Commentary

March 06, 2015 | APPEARED IN THE MONTREAL GAZETTE

Budget 2015: Quebec’s twin fiscal challenges require bold action

EST. READ TIME 3 MIN.

Premier Philippe Couillard recently declared that government finances and the economy are his top priorities, stating that “the goal is clear: consolidation of public finances and economic re-launch.” This is laudable.

Whether it’s economic growth, job creation, the unemployment rate, or investment growth, Quebec over the years has generally lagged behind other Canadian provinces and U.S. states. When the economy underperforms, Quebec families lose out on prosperity and economic opportunities.

Quebec’s economic malaise stems partly from shaky government finances—high debt levels and uncompetitive taxes. But it doesn’t have to be this way. The upcoming provincial budget is an opportunity to take bold action and tackle deep-rooted fiscal problems.

Premier Couillard has already taken some initial steps to balance the budget next year (in 2015/16), and if things go as planned, Quebec would end a streak of seven consecutive deficits. But given the magnitude of Quebec’s fiscal challenges, small changes won’t cut it.

Consider the numbers. In the span of a decade, provincial government debt grew to $181.3 billion in 2013/14, up from $99 billion in 2004/05. This 83 per cent increase in debt dramatically outpaced provincial GDP growth (33.6 per cent), inflation (16.5 per cent), and population growth (8.2 per cent).

Quebec is now, by various measures, the most indebted government in the country. In 2013/14, government debt stood at 50 per cent of GDP—much higher than levels in Ontario, the second most indebted province, where debt totalled 38.4 per cent of GDP.

Quebec’s debt translates into $22,230 for every man, woman and child in the province. That’s $2,512 more per person than in Ontario and more than five times the amount in Saskatchewan, the province with the lowest net debt per person.

There are real economic consequences to all of this. Research from prestigious international organizations—including the IMF, OECD, and European Central Bank—has found that high levels of government debt adversely affect long-term economic performance.

There are short-term consequences, too. Governments, like families, must pay interest on the money they borrow. In 2013/14, the provincial government spent $10.6 billion on debt interest payments. In other words, more than 11 cents of every dollar collected by the government went to debt interest—not the programs Quebecers value (health care, education, daycare, etc.).

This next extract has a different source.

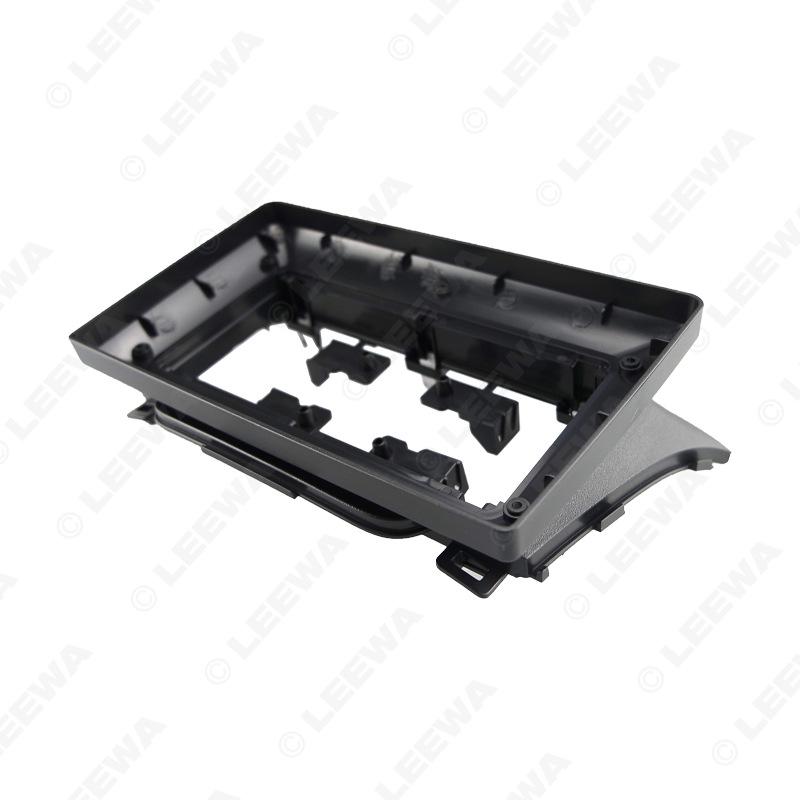 9-inch Android Navigation Screen Frame for 11-17 Hyundai I30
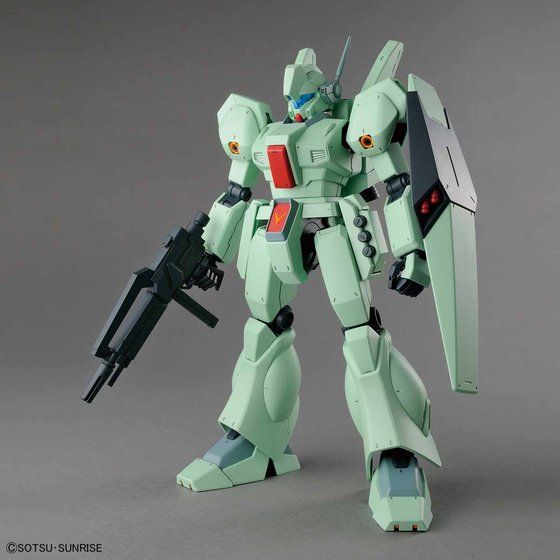 MG 1/100 ジェガン | 機動戦士ガンダム 逆襲のシャア プラモデル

Debt interest also leaves less room for tax changes.

In recent years, Quebecers have been hit by an onslaught of tax increases including income taxes, sales tax, payroll taxes (higher QPP rates), health taxes, mining taxes and corporate income taxes. The average Quebec family bears one the heaviest tax burdens in Canada with a total tax bill from the federal, provincial, and local governments consuming 44.7 per cent of income.

The personal income tax system is most in need of reform. A Quebecer earning $50,000 faces the highest provincial income tax rate in the country at over 16.37 per cent—more than twice the provincial rate in British Columbia. For people earning $150,000, the marginal income tax rate (20.97 per cent) is the second highest in the country, only slightly behind Nova Scotia (21 per cent).

Such uncompetitive tax rates make it harder to attract and retain skilled workers and investment. More broadly, they discourage entrepreneurship, economic dynamism and general prosperity.

These are big problems.

But the government’s latest fiscal plan does not include the fiscal room for bold action. Reducing and reforming government spending would free up resources, to reduce government debt and enact tax changes while avoiding further budget deficits.

Premier Couillard is right, in principle, to focus on fixing government finances and reviving economic growth. Hopefully, the upcoming budget takes the right action in practice.